One problem we are having is that our pods (we host our app in Kubernetes) get randomly OOMKilled and from reading past issues I am wondering if the problem could be that we push many values for a particular metric.
So basically we use the request queue time as metric used for the autoscaling, since it's more accurate than autoscaling based on resources usage.
This is the code I am using in a middleware to determine the request queue time with Puma:
require 'prometheus_exporter/client'
class MetricsMiddleware
X_REQUEST_START_HEADER_KEY = "HTTP_X_REQUEST_START".freeze
NGINX_REQUEST_START_PREFIX = "t=".freeze
PUMA_REQUEST_BODY_WAIT_KEY = "puma.request_body_wait".freeze
EMPTY_STRING = "".freeze
def initialize(app)
@prometheus_exporter_client = PrometheusExporter::Client.default
@app = app
end
def call(env)
start = env[X_REQUEST_START_HEADER_KEY].
to_s.
gsub(NGINX_REQUEST_START_PREFIX, EMPTY_STRING).
to_f * 1000
wait = env[PUMA_REQUEST_BODY_WAIT_KEY] || 0
current = Time.now.to_f * 1000
queue_time = (current - wait - start).to_i
env["start_time"] = start
env["wait_time"] = wait
env["current_time"] = current
env["queue_time"] = queue_time
if start != 0 && Rails.env.production?
@prometheus_exporter_client.send_json(
type: "queue_time",
queue_time:,
)
end
@app.call(env)
end
end
As you can see, we are pushing the value for this metric on each web request. Since we handle around 450K requests per hour average, I am suspecting - again from reading past issues here - that this may be a problem with the prometheus client using too many resources.
Can this a problem as I suspect or is it something we don't need to worry about? If it is a problem, are there any workarounds apart from reducing the number of values by sampling the requests instead of exporting the metric for all the requests?
Thanks in advance!
Edit: forgot to add the code for the collector for this custom metric:
require "prometheus_exporter/server/type_collector"

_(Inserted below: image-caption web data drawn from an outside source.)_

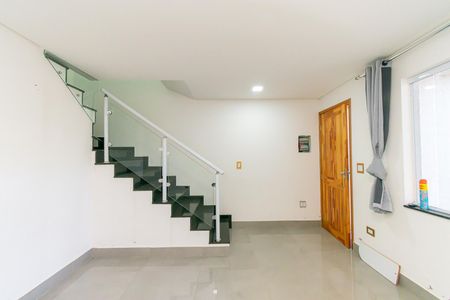 Casa à venda com 71m², 3 quartos e 2 vagasSala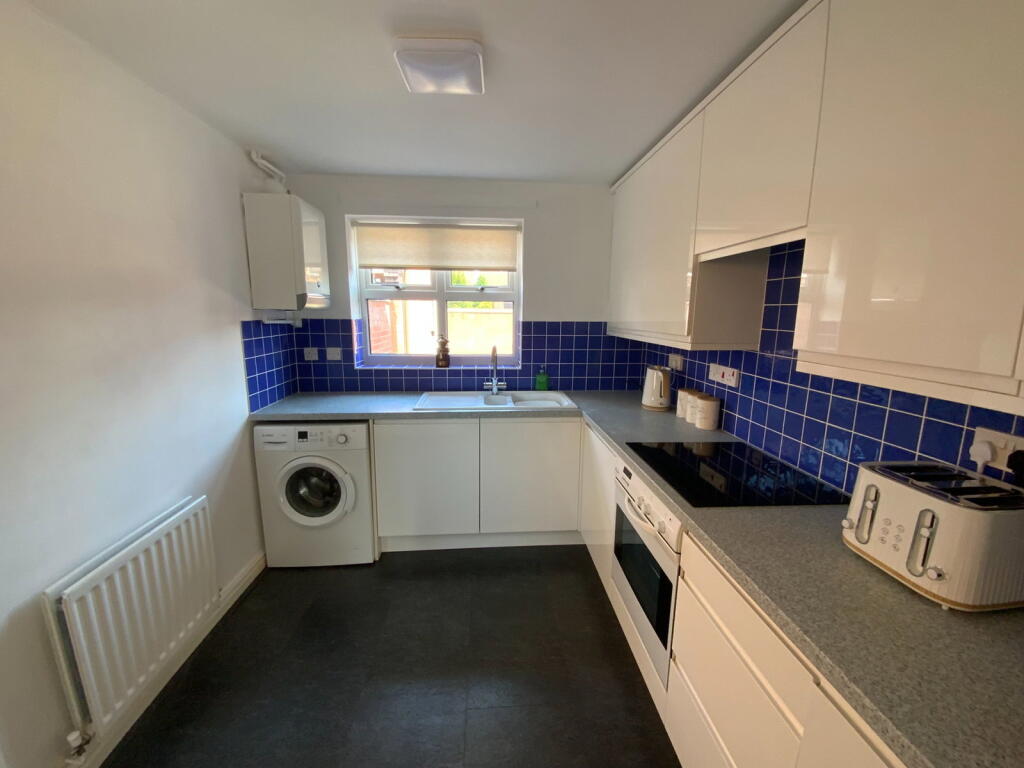 CRADLEY HEATH, Mary Macarthur Drive photo 5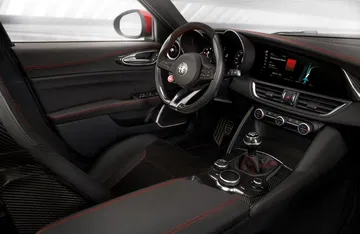 Vista angulada del habitáculo del Alfa Romeo Giulia, destacando su diseño y ergonomía.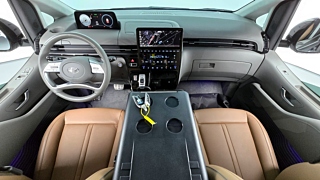 HYUNDAI STARIA 2022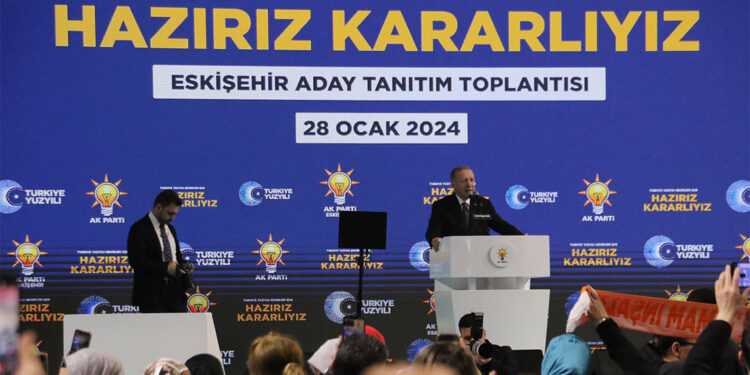 Milletimizle kol kola, yürek yüreğe vererek tüm oyunları bozduk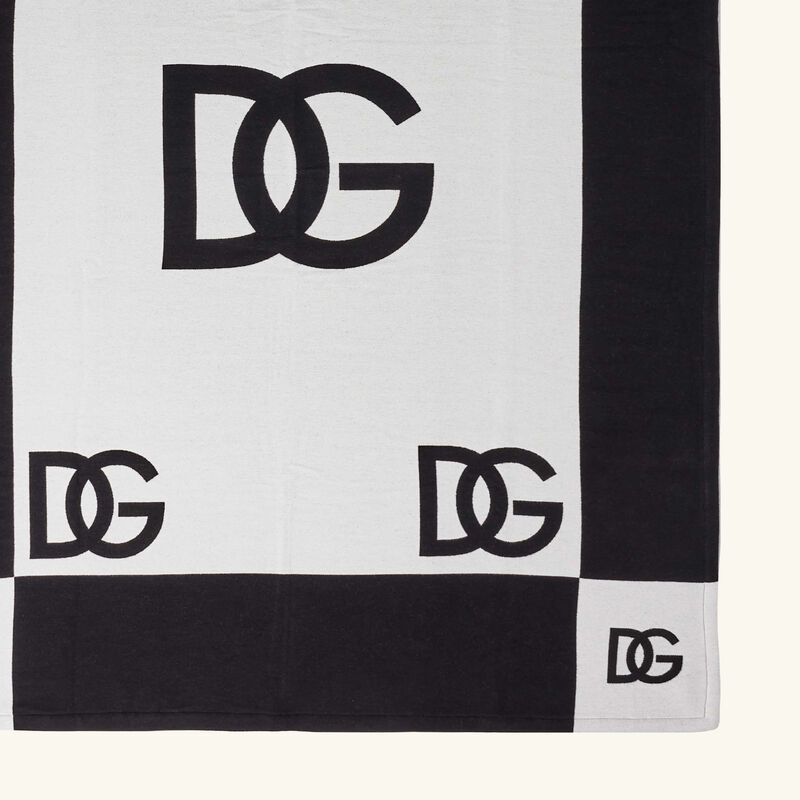 dolce gabbana casa dg logo blanket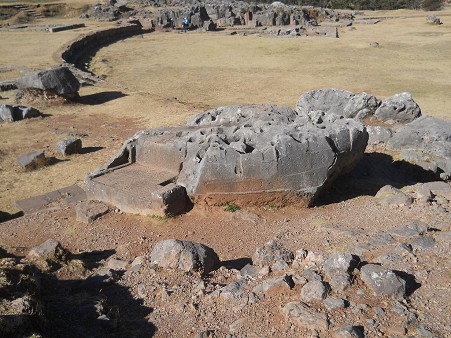 Cusco
              Sacsayhuam�n 10, Chaosbereich, ein gewellter Stein mit
              Thron, Schnitten und L�chern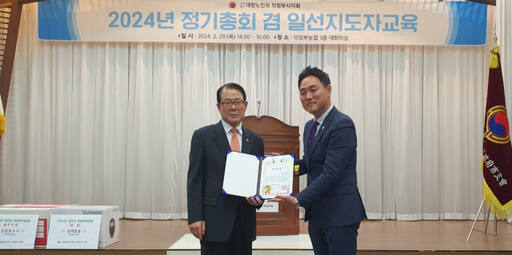 경기도의회 건설교통위원회 소속 오석규 의원(오른쪽)이 대한노인회로부터 표창장을 받은 뒤 기념촬영하고 있다. 경기도의회 제공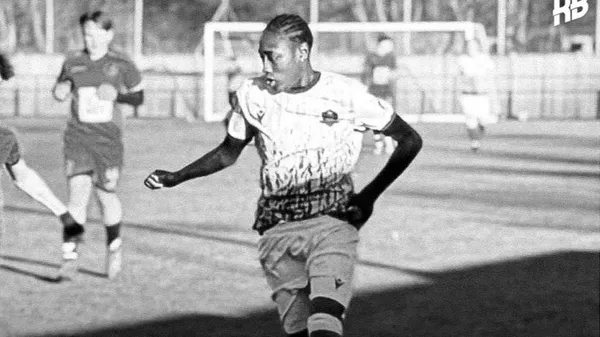 Його голи запалювали стадіон, а життя забрав вогонь: Трагедія 16-річного футболіста в Лондоні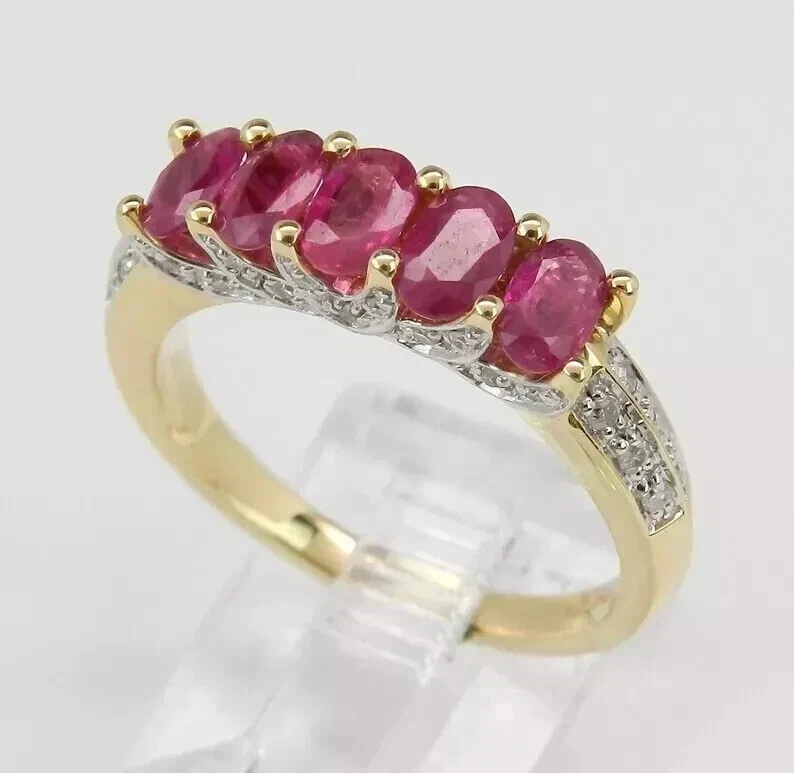 2.20Ct Oval Cut Lab-Created Red Ruby Women's Band Ring 14k Yellow Gold Plated - Image 3 of 4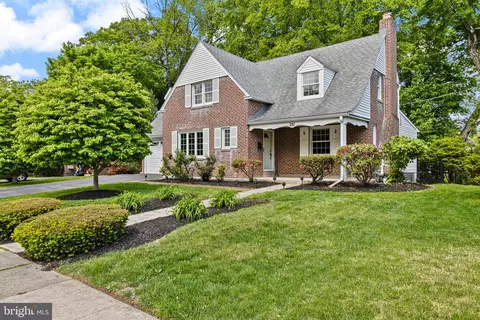 251 School Ln, Springfield, PA 19064
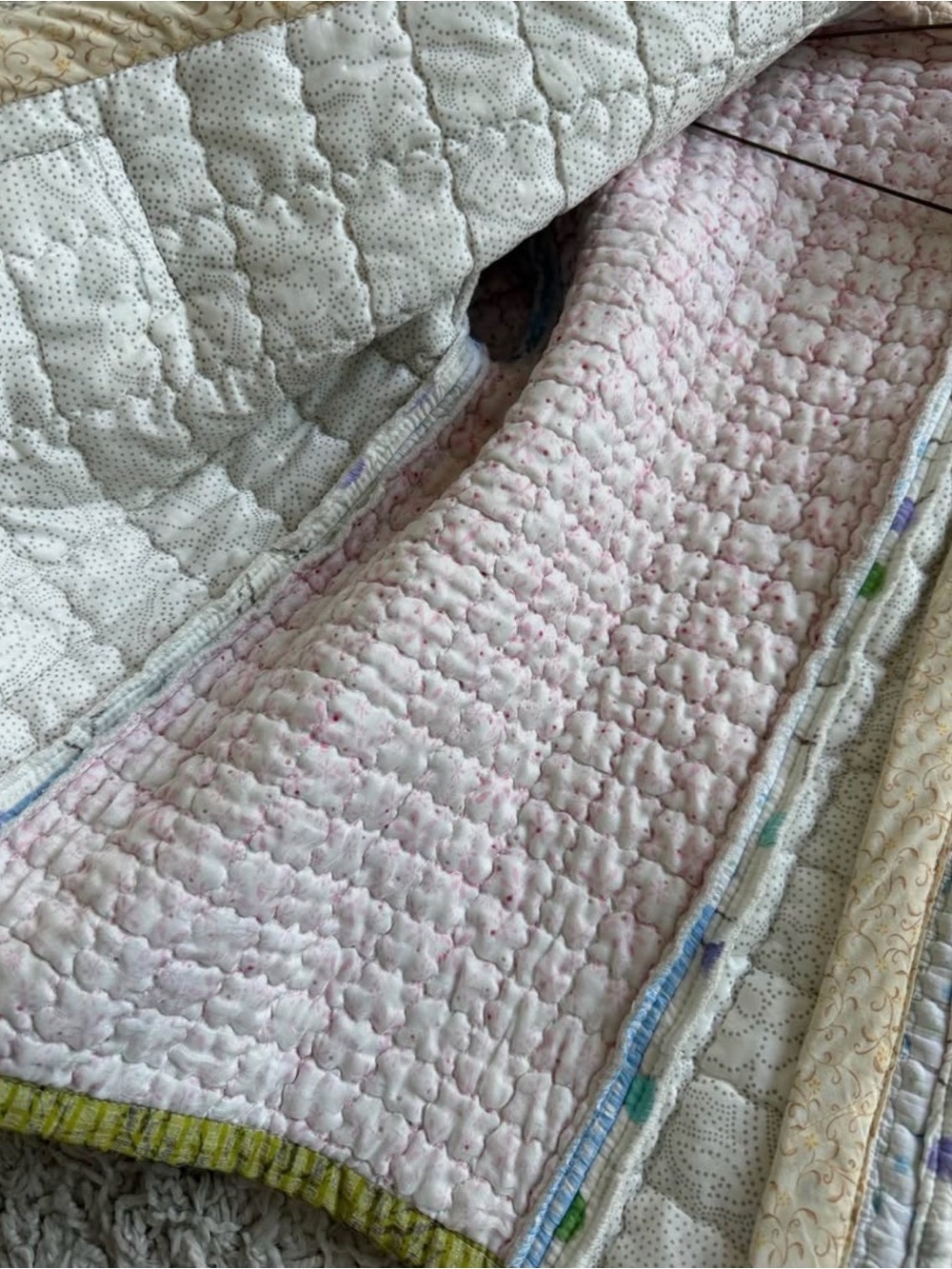 One of a kind Vintage handmade quilted jacket - Picture 3 of 6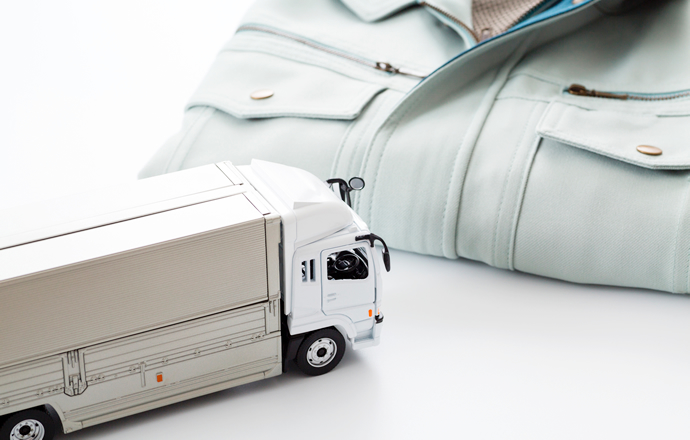 正社員 小型トラックドライバー（3t未満） 中型トラックドライバー（3t～6.5t） 大型トラックドライバー（6.5t～） トラックドライバー 軽貨物運送求人イメージ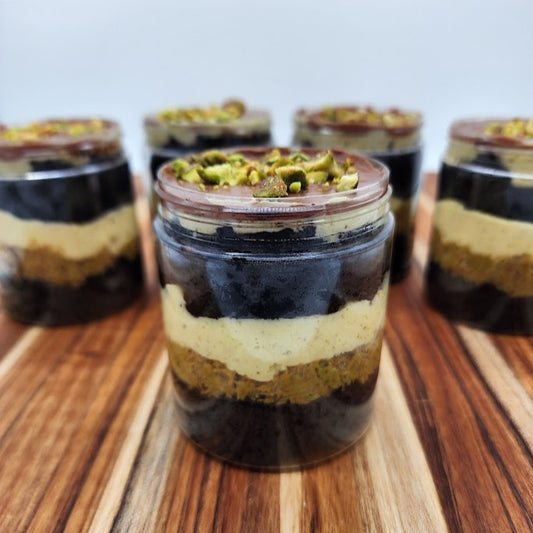 Dubai Chocolate Cake Cup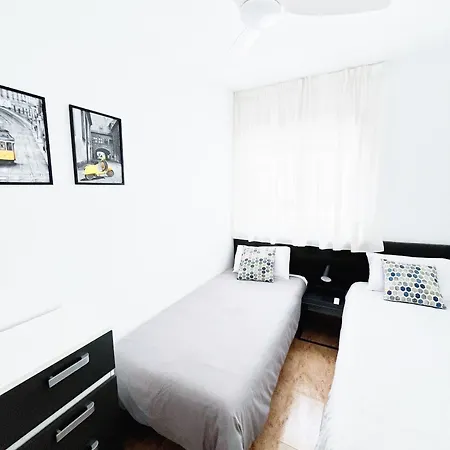 Cozy Near Playa Del Cura In Apartment Torrevieja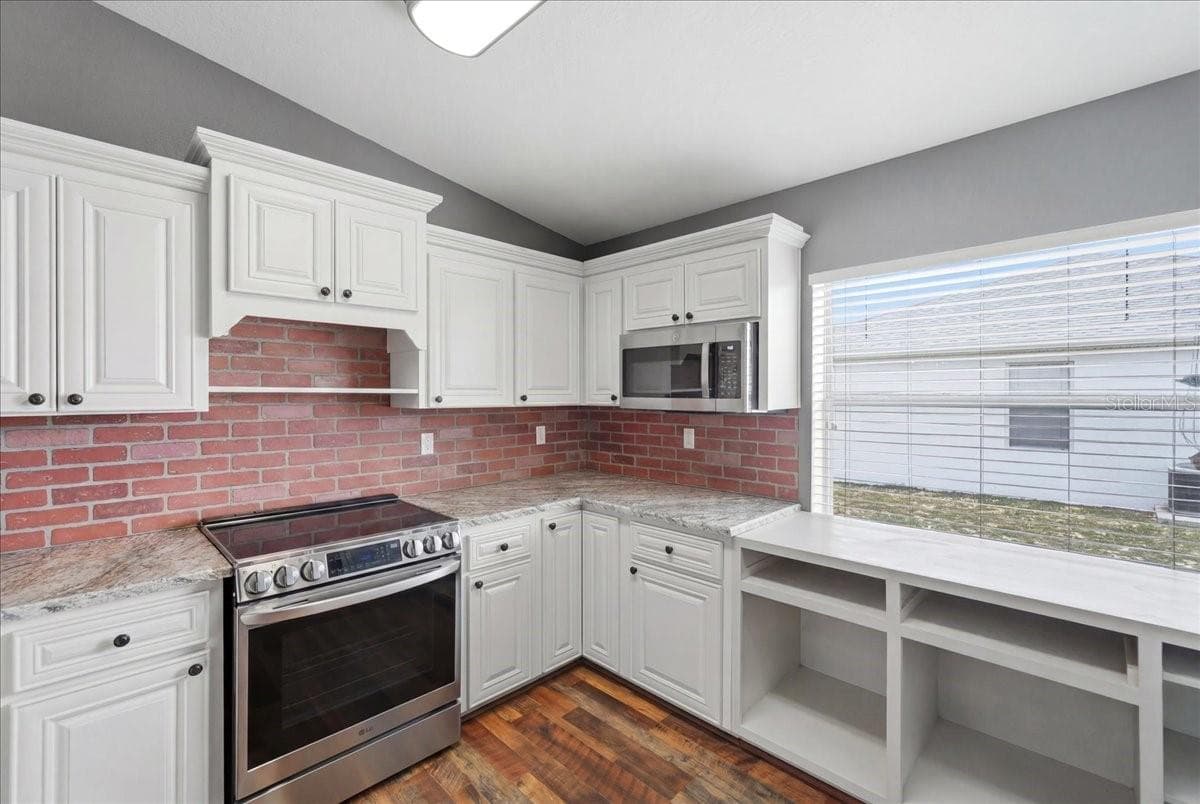 115 SEMINOLE ROAD — photo 12 of 43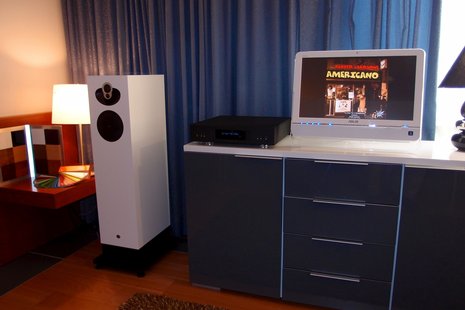 Linn setzt ganz auf einen zentralen Musikserver und Aktivlautsprecher. Eine moderne High End Audio Anlage wird so wohnraumfreundlich.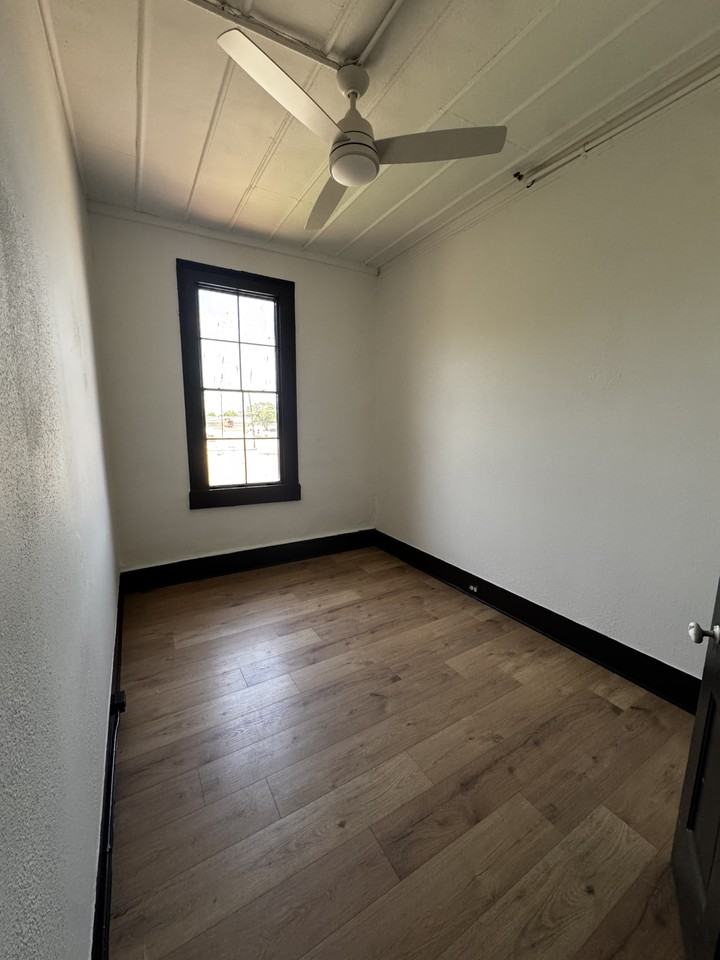 E Henderson St #421 - Photo 2 of 10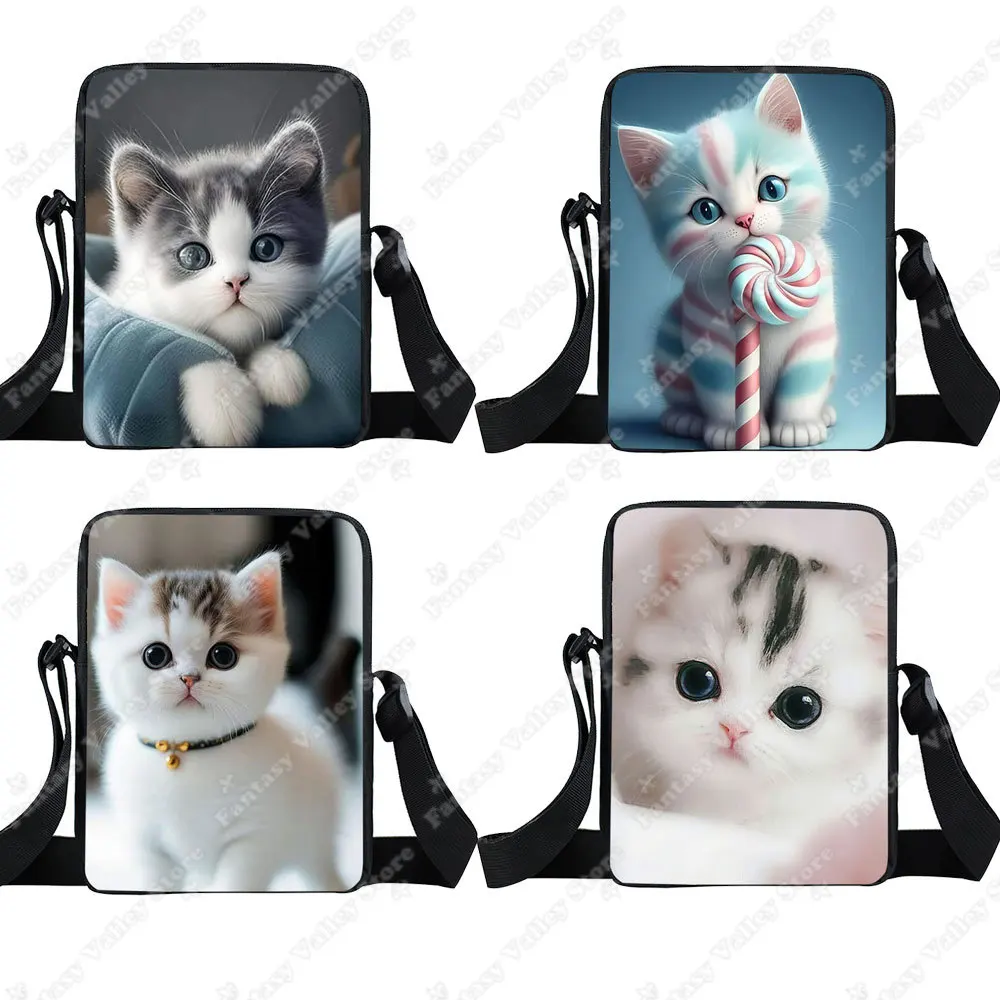 Recensione e Valutazione del Gashapon Gacha Cat Litter Snowflakees Crystalballes Capsule Toy Three Felinae Animal Peripherals Model Scene Ornaments Gift Toys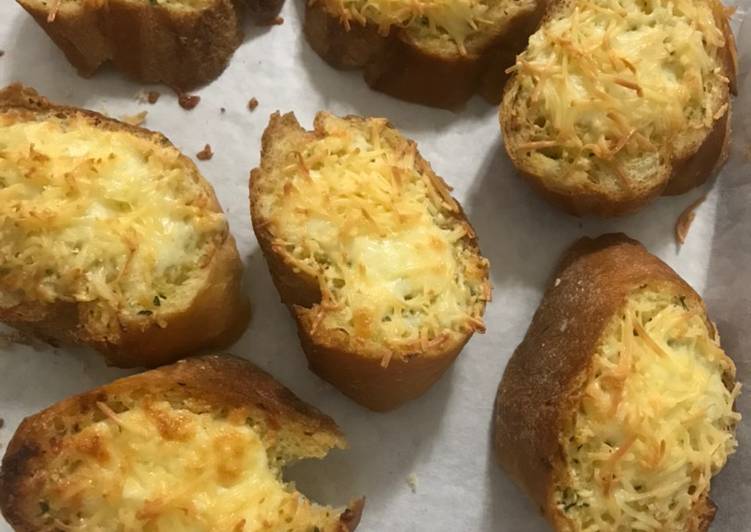8 Resep: Cheesy Garlic Bread Untuk Pemula!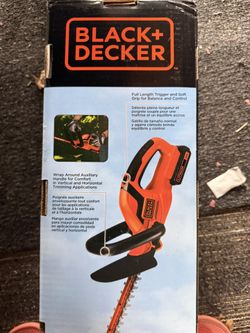 Black+Decker 22 in. 20 V Battery Hedge Trimmer Kit (Battery & Charger)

module PrometheusCollectors
class QueueTimeCollector < PrometheusExporter::Server::TypeCollector
LATENCY_BUCKETS = [
2.5,
5,
10,
15,
20,
25,
30,
35,
40,
45,
50,
75,
100,
200,
300,
500,
1000,
60_000,
].freeze
def initialize
super
@queue_time = PrometheusExporter::Metric::Histogram.new(
"queue_time",
"Time requests waited before Rails service began",
buckets: LATENCY_BUCKETS,
)
end
def type
"queue_time"
end
def collect(obj)
if (latency = obj["queue_time"])
@queue_time.observe(latency)
end
end
def metrics
[@queue_time]
end
end
end